Introduced by Rep. Scott Garrett, H.R. 5502 (113th Congress, 2013-14) mirrored the proposals described above in Sen. Paul's FAIR Act.

Sponsor: Rep. Scott Garrett (R-NJ-05)

Co-Sponsors: Rep. Tim Walberg (R-MI-07); Rep. Tony Cárdenas (D-CA-29).

 

Civil Asset Forfeiture Reform Act of 2014 (H.R.5212, 113th Congress, 2013-14). Rep. Timothy Walberg's proposal sought to improve personal property rights by reforming federal asset forfeiture laws. While not as far-reaching as Senator Paul's FAIR Act, in some respects (Sen. Paul's bill would do more to end the incentives driving the abuse of civil forfeiture laws), the bill featured a number of laudable proposals.

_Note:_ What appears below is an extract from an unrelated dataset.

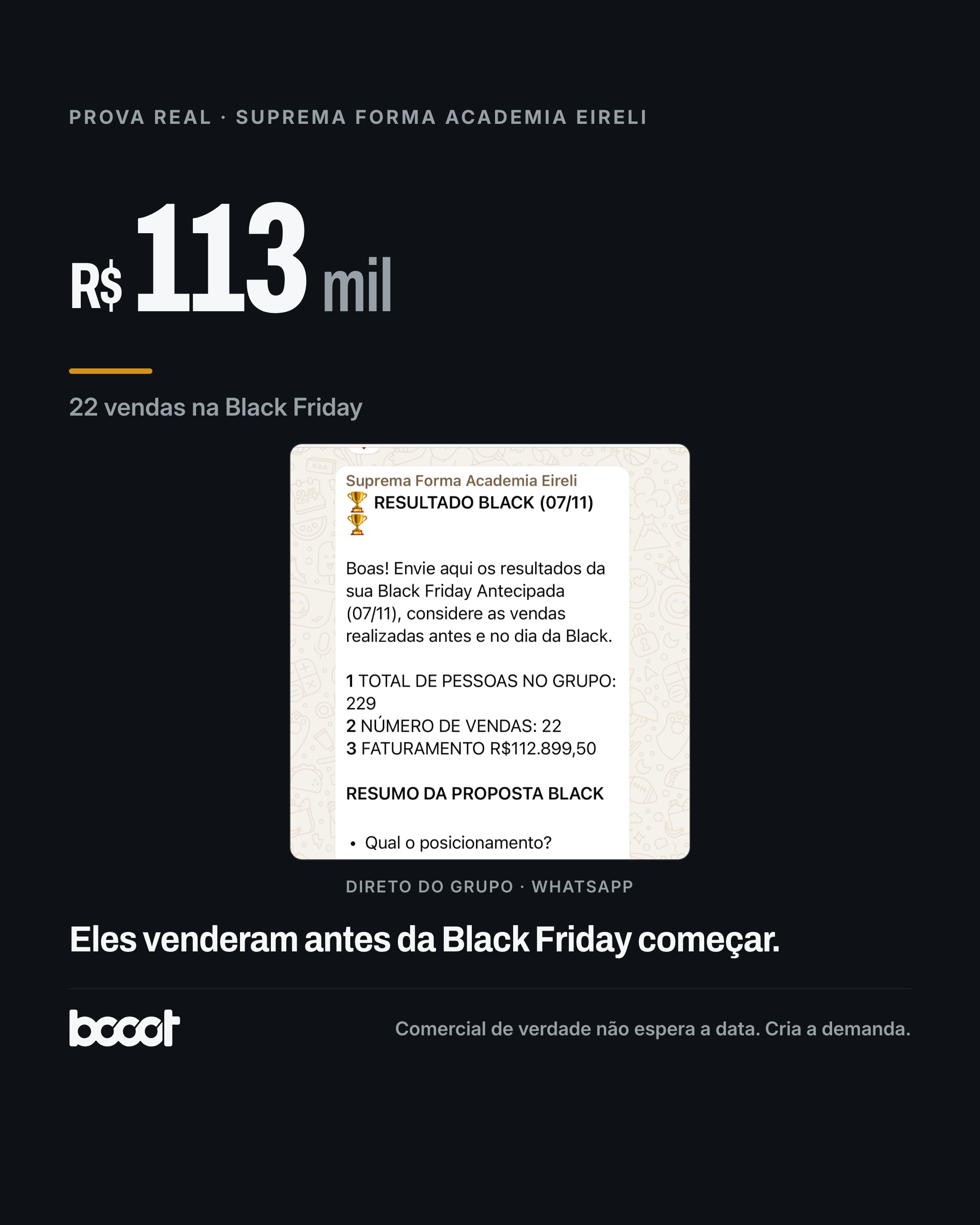 Suprema Forma · R$113 mil na Black Friday · print real do grupo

Sponsor: Rep. Tim Walberg (R-MI-07).

Co-Sponsors: Rep. Dana Rohrabacher (R-CA-48); Rep. Renee L. Ellmers (R-NC-02); Rep. Mike Coffman (R-CO-06); Rep. Cynthia Lummis (R-WY-AL); Rep. Stevan Pearce (R-NM-02); Rep. Reid J. Ribble (R-WI-08); Rep. Rob Bishop (R-UT-01); Rep. Mike Conaway (R-TX-11); Rep. Dr. Paul Broun (R-GA-10)[1]; Rep. Curt Clawson (R-FL-19); Rep. Scott Garrett (R-NJ-05); Rep. Scott Tipton (R-CO-03); Rep. Steve Stockman (R-TX-36)[2]; Rep. Kerry Bentivolio (R-MI-11)[3]; Rep. Tom McClintock (R-CA-04); Rep. Keith Ellison (D-MN-05); Rep. Sam Farr (D-CA-20); Rep. Jim Moran (D-VA-08)[4]; Rep. Hank Johnson (D-GA-04); Rep. Tony Cárdenas (D-CA-29).

  1. Like the FAIR Act, Congressman Walberg's bill would have raised the Government's burden, for civil forfeitures, to that of a clear and convincing evidence standard.

  2. Congressman Walberg's bill sought to improve the innocent owner defense by altering who has the burden when the innocent owner defense is affirmatively raised, and by altering some of the language in the innocent owner defense. Under current law, the claimant has the burden of proving that they are an innocent owner by a preponderance of the evidence. If Rep. Walberg's bill were enacted, in its current incarnation, the Government would have the burden of proving that the claimant knew or reasonably should have known that the property was involved in the illegal conduct giving rise to the forfeiture.

  3. Rep. Walberg's bill would have clarified how courts should evaluate arguments that a forfeiture is disproportional to the offence giving rise to the forfeiture by inserting that "the court shall consider such factors as the seriousness of the offense, the extent of the nexus of the property to the offense, the range of sentences available for the offense giving rise to forfeiture, the fair market value of the property, and the hardship to the property owner and dependents." Currently, several courts only evaluate whether the forfeiture, if chiefly punitive, would be in excess of the criminal penalty range prescribed by Congress. If adopted, this would constitute a significant improvement over current law.

  4. Rep. Walberg's bill would have increased the reporting requirements for a forfeiture--always a good thing.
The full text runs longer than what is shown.